Many villagers started to take ill as they hiked higher, but Draik knew that the only hope for them was to wait at the last plateau back downward. The mountain side became more steep and treacherous as the party journeyed forward. The villagers numbers reduced again by half, but the only thought Draik had on his mind was the upcoming climb that would definitely claim some lives and would be best for villagers to stay behind.



They started to ascend to the top by climbing the side of the mountain to the next plateau just beyond the clouds. A rumor among the villagers back at the village was a scenery unimaginable presents itself to whomever traveled to the second plateau. Luscious blue oasis in the distance barely visible to the best of eyes, except a rare event allowing for a more vivid view of the oasis. A rainbow road formed from the continuous rain storms moving up and over the range leading toward the village as if the way home was just as easy as sliding down. The lack of oxygen caused this elegant sight to become deadly as the ill started thinking of returning home by the deity's will as they arrive home from the havens above, but only to find a brutal death at the jagged mountain basin.



Draik helps the last villager up and has them rest up. Draik looks out in the distance to confirm the legendary scenery that claimed lives of countless others, but in his surprise the rumors were true. A rainbow road formed as the suns rays hit the never ending rain storms rolling over the mountain range. The oasis was shining in the background glistening like diamonds in a dark isolated mine shaft. Suddenly, Draik began to lose unconsciousness as his vision began to blur and his limbs became numb he spun around stumbling to the ground left surrounded by the other villagers all equally unconscious on the plateau unaware of the dangers of the freezing temperatures at the high altitudes that knacked at their worn out bodies until they dropped from exhaustion.
 
#14
Bored of direction of story and getting frustrated with my other story.

Hmm...

To skip to the possibly more interesting parts or continue to add a ridiculous amount of filler.

What kind of dramatic change could I make? *Thinking*

Part 5 could get fun though.

Maybe I could take creativity to another level.

Change point of view or add more characters.

No definite number been stated yet.

Decisions, Decisions.
 
#15
The villagers of Draik's travel party awake to see Draik laying dead in a coagulated blood pool surrounding him. Taking time to recover from their daze the villagers begin to select a few strong members of the party to appoint a new leader following favorable skills in their current condition. Down to almost ten villagers left, a leader is chosen.



The leader was a close friend to Draik as was many other of the travel party. Nicknamed "Twin Dragons" by their fellow friends back when they were children. Vance was more intelligent than Draik, but didn't have the physical output Draik had. Vance had the advantage in stamina that allowed to carry him further during many conditions.
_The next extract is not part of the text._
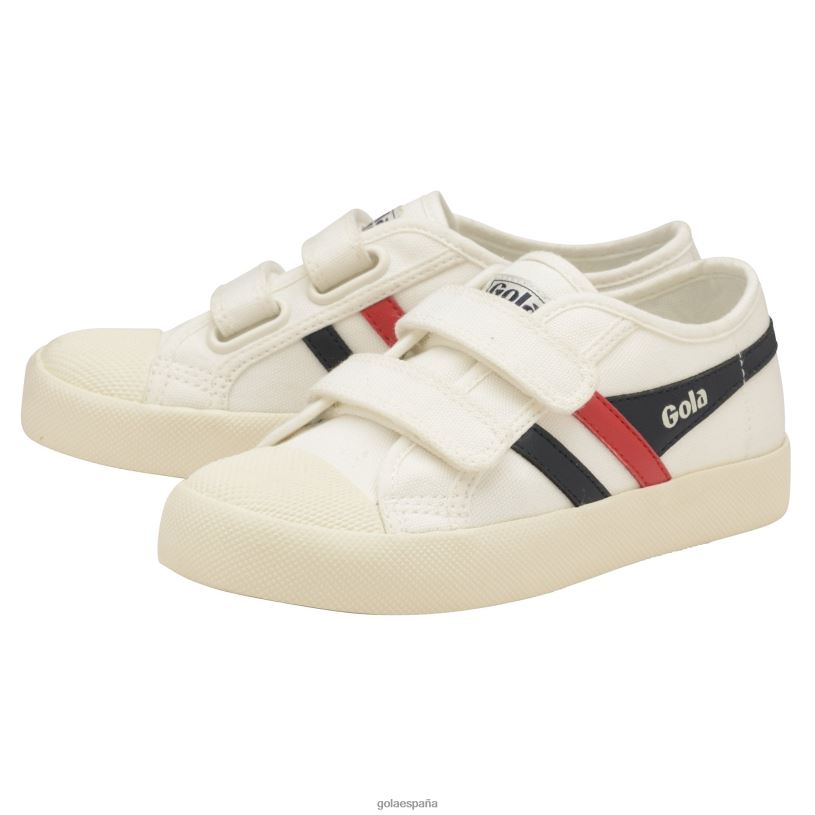 calzado V4PZL686 niños Gola zapatillas clásicas veganas con correa estilo posavasos blanco roto/azul marino/rojo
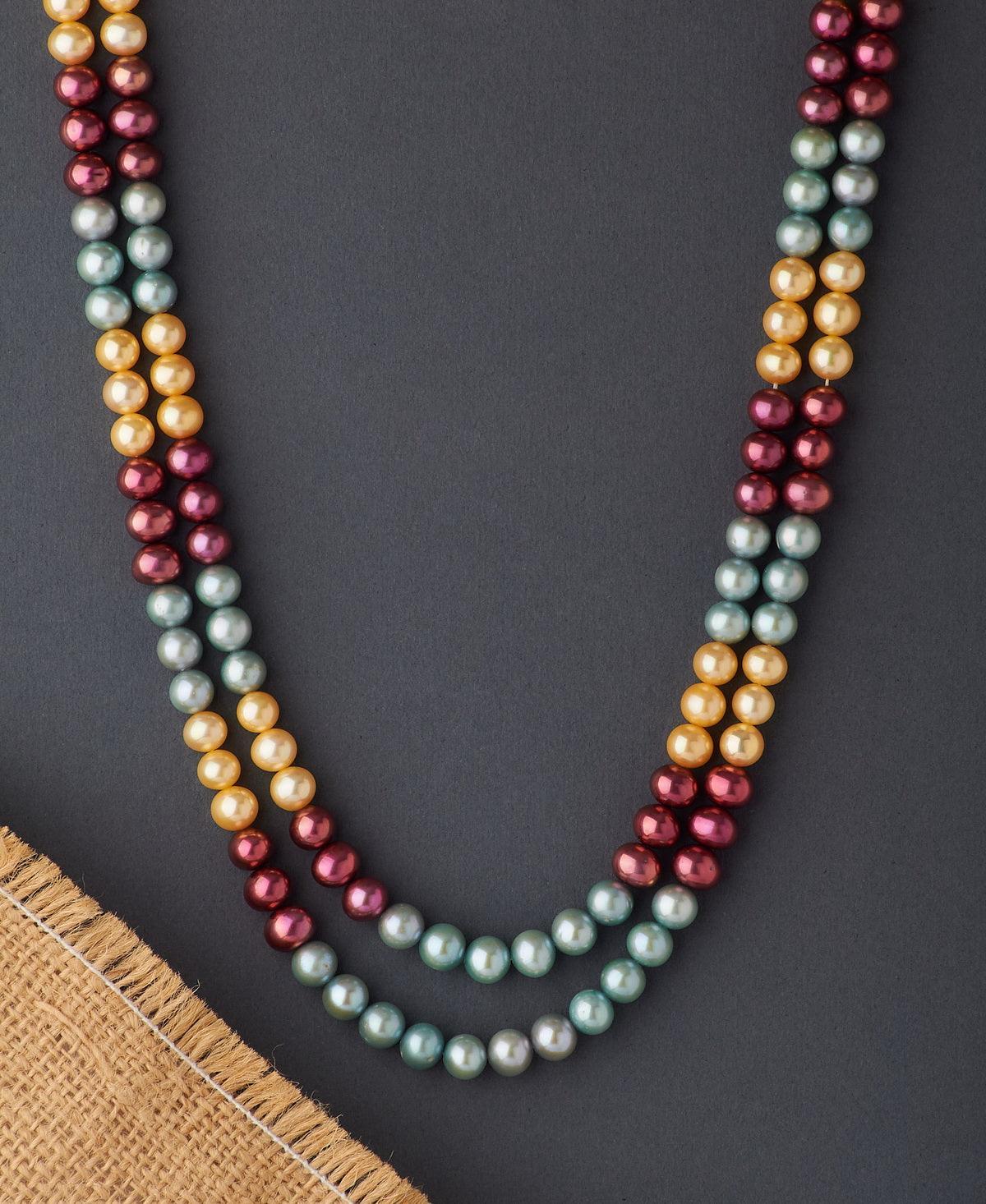 Graceful Multi Colour Pearl Necklace - Chandrani Pearls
Vance investigates Draik's lifeless body to look for some answers to his death. Rolling the body over to see Draik's chest cavity as been ripped open with severe force. Only some leftover organs that have been shredded. Two conclusions came to Vance's mind at the time. Either the incident is the cause of death or the result of scavengers.



Vance takes a few men to dig a hole to give Draik a proper burial. Clouds loomed overhead making the temperature drop instantly from sweat bearing heat to a blizzard that threatened the entire party lives. Vance took quick action to lead the party to the mountain edge as they travel up the mountain into a crevice in the mountain.